II. La validation du régime juridique du délai de départ volontaire
La seconde partie de l’arrêt est plus instructive, la cour se livrant à une analyse détaillée des obligations de l’administration concernant la fixation du délai de départ volontaire. Elle conclut à la conformité du droit interne au droit de l’Union, tout en précisant l’absence d’obligation de motivation pour l’octroi du délai de droit commun.
A. La compatibilité affirmée du droit national avec la directive européenne
Le requérant soutenait que l’article L. 612-1 du code de l’entrée et du séjour des étrangers et du droit d’asile était incompatible avec les objectifs de la directive 2008/115/CE. La cour rejette fermement cette argumentation. Elle rappelle que le délai de trente jours prévu par le droit français correspond « au délai de droit commun le plus long susceptible d’être accordé en application des dispositions de l’article 7 de la directive précitée ». Surtout, elle souligne que le même article L. 612-1 « permettent à l’administration d’accorder, si nécessaire, en tenant compte de circonstances propres à chaque cas, un délai supérieur à trente jours ». Cette possibilité d’extension exceptionnelle suffit, selon les juges, à assurer la transposition correcte de la directive qui impose de tenir compte des circonstances particulières. Cette interprétation confirme la flexibilité du cadre juridique français et assure une sécurité juridique aux services préfectoraux, dont la pratique consistant à octroyer un délai de trente jours se trouve ainsi validée au regard du droit de l’Union.
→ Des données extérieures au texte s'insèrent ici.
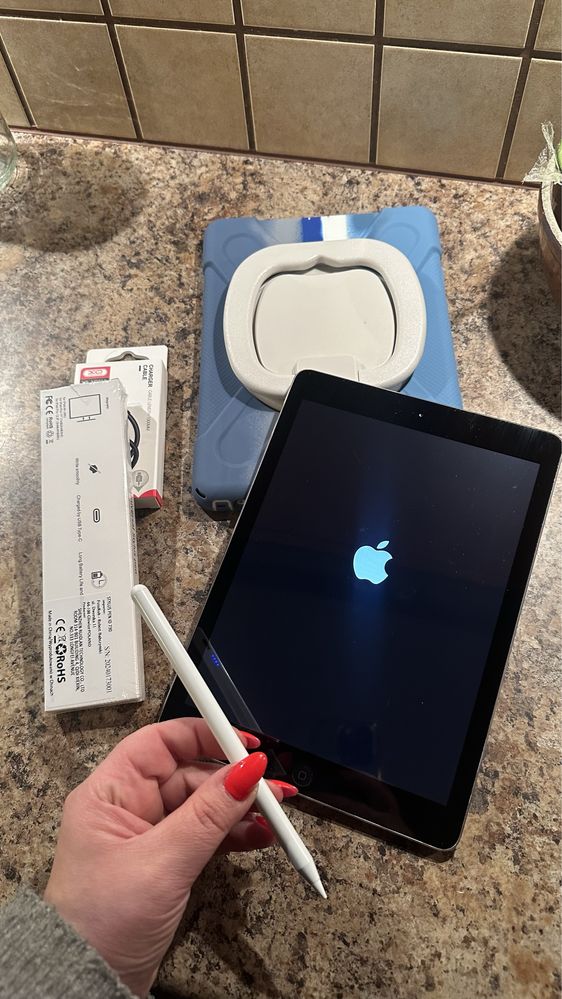 Tablet iPad Apple Retina + nowe etui - cały zestaw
B. La définition d’un pouvoir gracieux dispensé de motivation
L’apport principal de l’arrêt réside dans la clarification de l’obligation de motivation. La cour énonce que « lorsque l’autorité administrative ne fait pas usage, eu égard à la situation personnelle de l’intéressé, de la possibilité d’accorder à titre exceptionnel un délai de départ supérieur à trente jours, elle n’est pas tenue de motiver sa décision ». La raison en est qu’il s’agit de la mise en œuvre d’un « pouvoir purement gracieux ». La nuance est de taille : l’administration n’a pas à justifier pourquoi elle n’accorde pas une faveur que le requérant n’a d’ailleurs pas sollicitée. L’obligation de motiver n’existerait qu’en cas de refus d’une demande explicite de prolongation du délai. En l’absence d’une telle demande, l’octroi du délai de droit commun de trente jours n’est pas une décision défavorable nécessitant une motivation. Cette solution a une portée pratique considérable : elle allège la charge de l’administration et place la charge de l’initiative sur l’étranger, qui doit non seulement demander un délai prolongé mais aussi et surtout justifier sa demande par des circonstances particulières.